Hundreds of people who relocated to Luxembourg from other continents where precious few vacation days are granted have confirmed they are already bored and confused by this long European “summer holidays thing.”
“In my country, we get 10 days a year and most of it gets used up as sick days,” said North American Kacey Casem. “Summer vacation usually means a single long weekend of camping in some mosquito-infested swamp two hours from home.”
“My boss here in Luxembourg forced me to take three weeks this summer, and it’s only been a week and I’ve run out of ideas,” he continued. “Am I supposed to visit Paris or Berlin or something? Help me, please.”
Lara Salinas, who moved with her husband to Luxembourg from Costa Rica last year, says she is facing a similar dilemma.
“We spent five days in Tuscany and then stopped in Switzerland for two days on the way back,” she said. “For me, that’s a very decent summer excursion, longer than any I’ve had before.”
“The problem is that I still have eight more days off, but I’m thinking of going back to work even if I don’t have to,” she added. “Even if I have to force my way in.”
Marlon Alampayan, who moved to the Grand Duchy from the Philippines in May, says he doesn’t understand what people mean by holidays in the first place.
“Literally, I don’t know what that means,” he said. “Are those days when you don’t go to work but still get paid? Most curious.”

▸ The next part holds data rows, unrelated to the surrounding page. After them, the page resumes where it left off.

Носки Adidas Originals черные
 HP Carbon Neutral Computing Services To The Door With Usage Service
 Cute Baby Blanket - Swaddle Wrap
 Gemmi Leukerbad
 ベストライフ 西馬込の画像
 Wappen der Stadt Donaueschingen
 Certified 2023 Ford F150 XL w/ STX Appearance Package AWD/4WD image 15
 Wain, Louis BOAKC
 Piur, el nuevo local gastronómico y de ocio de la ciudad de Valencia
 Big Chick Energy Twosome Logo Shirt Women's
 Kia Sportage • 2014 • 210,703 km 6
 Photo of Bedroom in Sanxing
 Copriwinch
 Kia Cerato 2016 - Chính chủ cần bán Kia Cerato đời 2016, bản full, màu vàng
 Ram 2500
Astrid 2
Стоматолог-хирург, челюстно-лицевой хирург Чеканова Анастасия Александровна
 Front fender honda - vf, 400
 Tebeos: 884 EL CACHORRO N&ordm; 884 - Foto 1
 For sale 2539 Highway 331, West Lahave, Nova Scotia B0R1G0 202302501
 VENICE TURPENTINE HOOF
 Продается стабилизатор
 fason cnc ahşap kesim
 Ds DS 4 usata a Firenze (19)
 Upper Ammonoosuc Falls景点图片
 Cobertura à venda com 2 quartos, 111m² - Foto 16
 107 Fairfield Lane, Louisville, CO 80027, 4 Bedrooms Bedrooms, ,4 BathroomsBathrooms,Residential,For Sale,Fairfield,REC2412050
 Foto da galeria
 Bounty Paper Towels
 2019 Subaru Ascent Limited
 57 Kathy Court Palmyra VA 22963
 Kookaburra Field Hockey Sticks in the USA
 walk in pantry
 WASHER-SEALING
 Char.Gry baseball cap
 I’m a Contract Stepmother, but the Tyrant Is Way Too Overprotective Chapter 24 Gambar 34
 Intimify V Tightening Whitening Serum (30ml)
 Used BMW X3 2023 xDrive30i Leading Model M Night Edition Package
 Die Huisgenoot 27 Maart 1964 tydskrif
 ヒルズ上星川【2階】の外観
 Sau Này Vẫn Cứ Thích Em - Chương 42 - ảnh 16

Meanwhile, lifelong resident of the Greater Region Anne Weber has organized a petition calling for 10 more vacation days to be added to the legal minimum, saying that the current regime of 26 days “barely gives anyone a chance to spend a full two weeks at a club on the Mediterranean coast and then visit your parents for seven days and use three days to take your dog shopping because he’s starting doggie discipline school in September.”